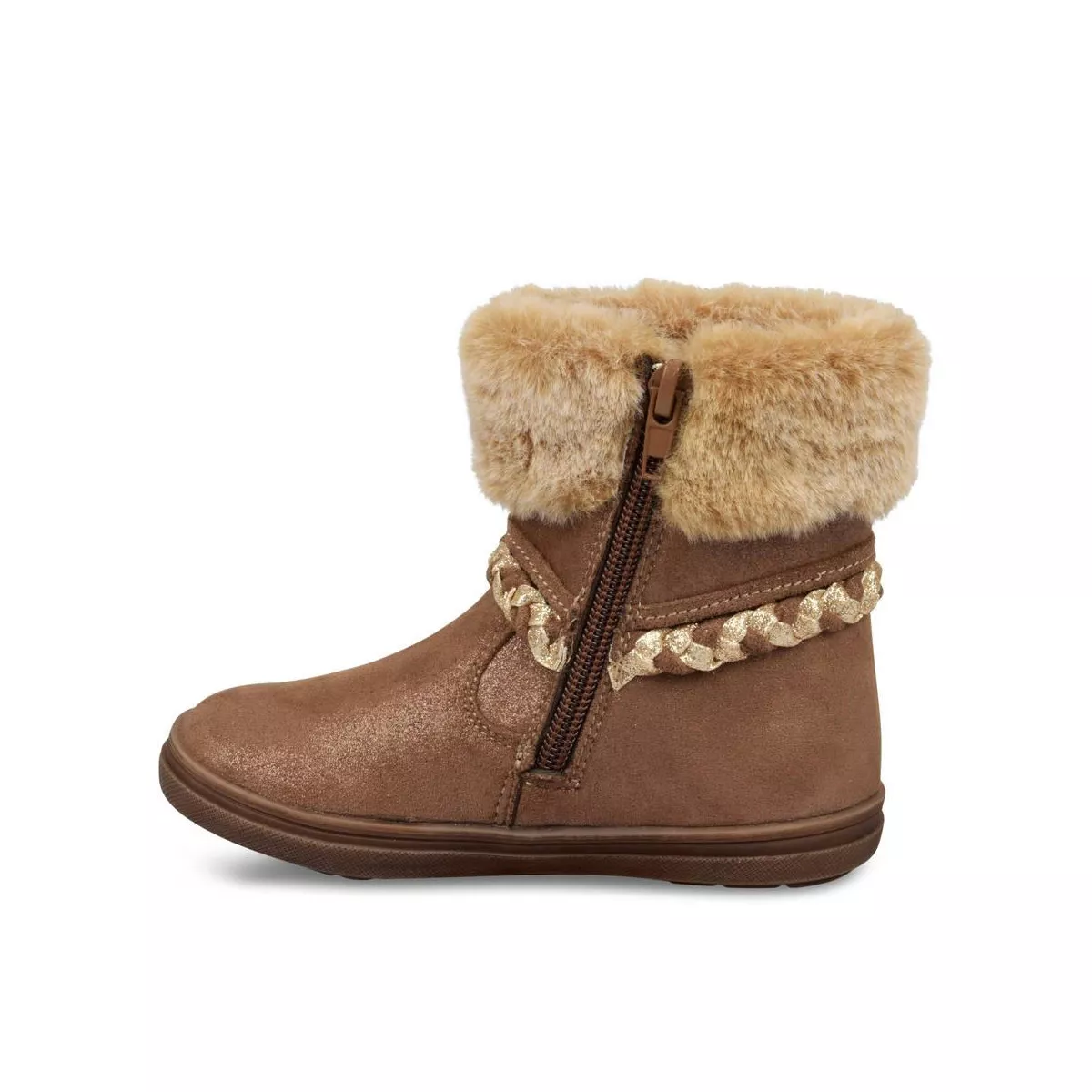 Bottines MARRON FREEMOUSS GIRL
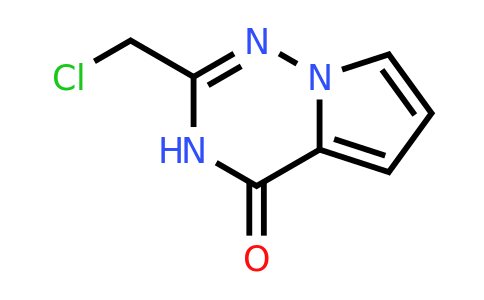 CAS 1622233-20-8 | 2-(chloromethyl)-3H,4H-pyrrolo[2,1-f][1,2,4]triazin-4-one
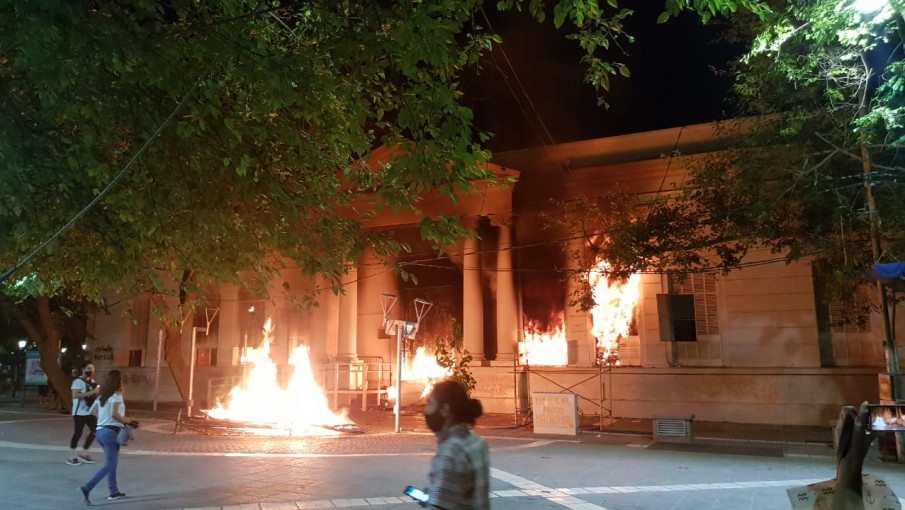Así quedó la Legislatura después de los incidentes del viernes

▸ **About this task**: Retype the data exactly as it stands, but keep the images out of your copy.

▸ **Problem solution**:
 Bottines MARRON FREEMOUSS GIRL
 CAS 1622233-20-8 | 2-(chloromethyl)-3H,4H-pyrrolo[2,1-f][1,2,4]triazin-4-one
Así quedó la Legislatura después de los incidentes del viernes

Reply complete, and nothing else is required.